Associate professor Peter Murray from the University of Southern Queensland claimed it had a terrible effect on infected pigs. According to him, “it causes all kinds of things, like mummified piglets at birth and neurological illnesses in the pigs throughout the first year of life.” According to Dr. Murray, this winter’s unprecedented rains provided the “perfect storm” for JEV to spread and could result in more human illnesses. “We’re about to enter the warmer part of the year, which will increase the possibility that mosquitoes will reproduce,” he explained. “And because of climate change, which is causing warmer settings, those mosquitoes will migrate further south.”

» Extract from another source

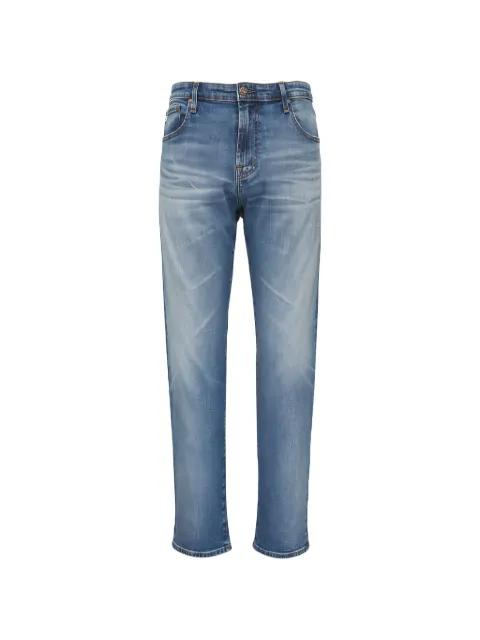 Tellis Laurel Modern slim denim jeans by AG JEANS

It’s now sort of bubbling away and could go really bad.For humans, there is a JEV vaccination. The creation of a pig vaccination has begun. The viral illness can cause skin lesions, fever, appetite loss, decreased milk output, and even mortality in cattle and water buffalo. The illness, which was formerly exclusive to Africa, has since spread to China and South-East Asia, with instances being reported in March 2022 on the Indonesian island of Sumatra. Tim Mahony, a professor at the University of Queensland, described it as one of the “clear and present hazards” facing Australia’s agricultural sector. We would witness a shutdown of animal populations “if it were to make it to the mainland and infect sensitive species,” he claimed.

It spreads mostly through insect-borne means, which makes it challenging to eradicate in some places. According to Dr. Mahony, the disease may also cause Australia’s cattle export sector to collapse. In an effort to stop the spread of LSD, interim restrictions were issued by Thailand and Russia last year. Australia has not yet approved the use of an LSD vaccination. However, Chris Parker from the federal Department of Agriculture recently informed the West Australian Country Hour that efforts were being made to supply a secure vaccination. LSD outbreaks have not yet been reported in Australia.